In an email exchange from Paris, Professor of History Maria Mitchell, who this semester is leading the F&M in Paris program and teaching the history and international relations course "European-American Relations" while in country, said such a collaborative effort works well on several levels.

"Between my class and Professor Landfried's class, we treat many similar topics. Whether they are American or not, all my students attend an American college, so they have experienced life as representatives of America in Paris," Mitchell said. "My students have benefited a great deal intellectually, and they appreciate that there are other F&M students following their adventures closely."   

The semester started with Landfried assigning two of her students to each of Mitchell's students. The eight groups of three have since been exchanging assignments and feedback via a shared Google drive. The first-year students developed a questionnaire for the upperclassmen about their initial experiences, hopes and expectations for life in Paris.

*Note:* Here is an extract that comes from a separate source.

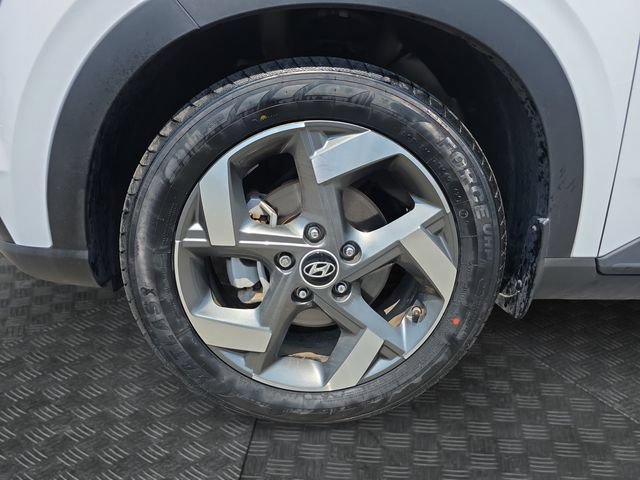 Used 2022 Hyundai Venue SEL FWD image 35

In early December, near the semester's end, Mitchell's students evaluated their experiences in another questionnaire, which Landfried's class reviewed.

"We built up a communication with the F&M students in Paris," said Eduardo Alsina, a junior majoring in neuroscience and a preceptor in Landfried's class. "I think what is phenomenal is just the way the communication was structured."

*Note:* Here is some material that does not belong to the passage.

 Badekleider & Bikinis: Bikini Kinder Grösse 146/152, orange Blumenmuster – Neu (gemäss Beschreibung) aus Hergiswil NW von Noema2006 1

Reviews by Landfried's students of Assistant Professor of Art History Kostis Kourelis' "Architecture and the Great War" exhibit were among the class assignments exchanged. The exhibit had featured architects who fought and then returned to Europe after World War I to help with the reconstruction effort.

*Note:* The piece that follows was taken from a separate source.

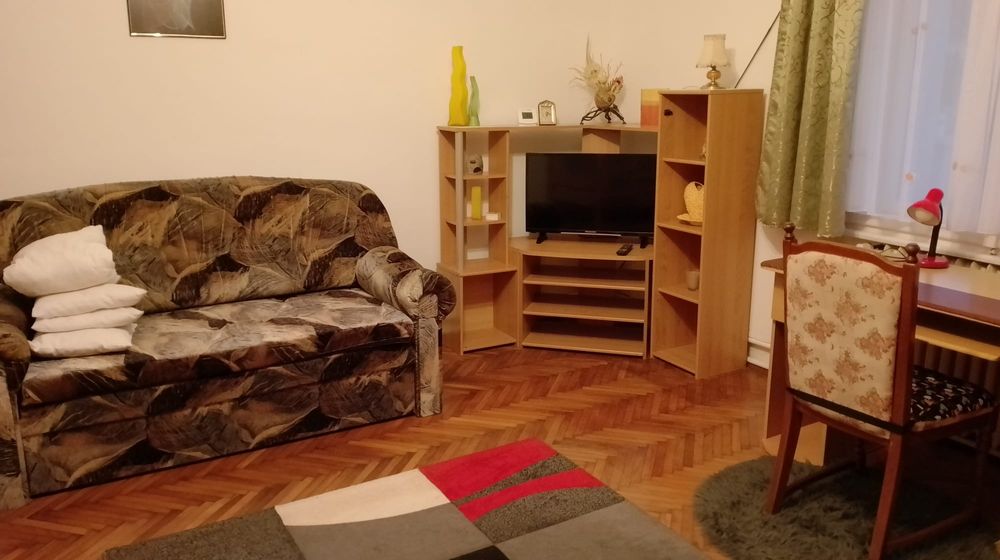 Chirie pentru fete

Mitchell's students, meanwhile, reported on their excursions to French locales where the presence of Americans is indelible, such as novelist Ernest Hemingway's old haunt, Harry's Bar, in Paris, and the landing sites on the Normandy coast where American troops came ashore on D-Day, June 6, 1944, during World War II.  

For all of the students and faculty, the highlight of the semester was viewing "An American in Paris," inspired by composer George Gershwin's 1928 jazz-influenced symphonic poem. The students at home watched and reviewed the 1951 film version, while the students abroad attended a stage production at the Théâtre du Châtelet in Paris. The show arrives on Broadway in March.

One of Landfried's first-year students, Elif Basci, said she enjoyed exchanging knowledge and insights.

"It gives you a different perspective, especially since they're F&M students and we can relate to them. It's a connection to the subject," Basci said. "When it all comes together, it makes sense and is very fulfilling."

From the enthusiasm expressed by the students, it's difficult to determine which class benefitted the most from the collaboration.

Said Mitchell of her students: "They didn't realize that as students from an American college in Paris they would be the subject of a class. They were inspired."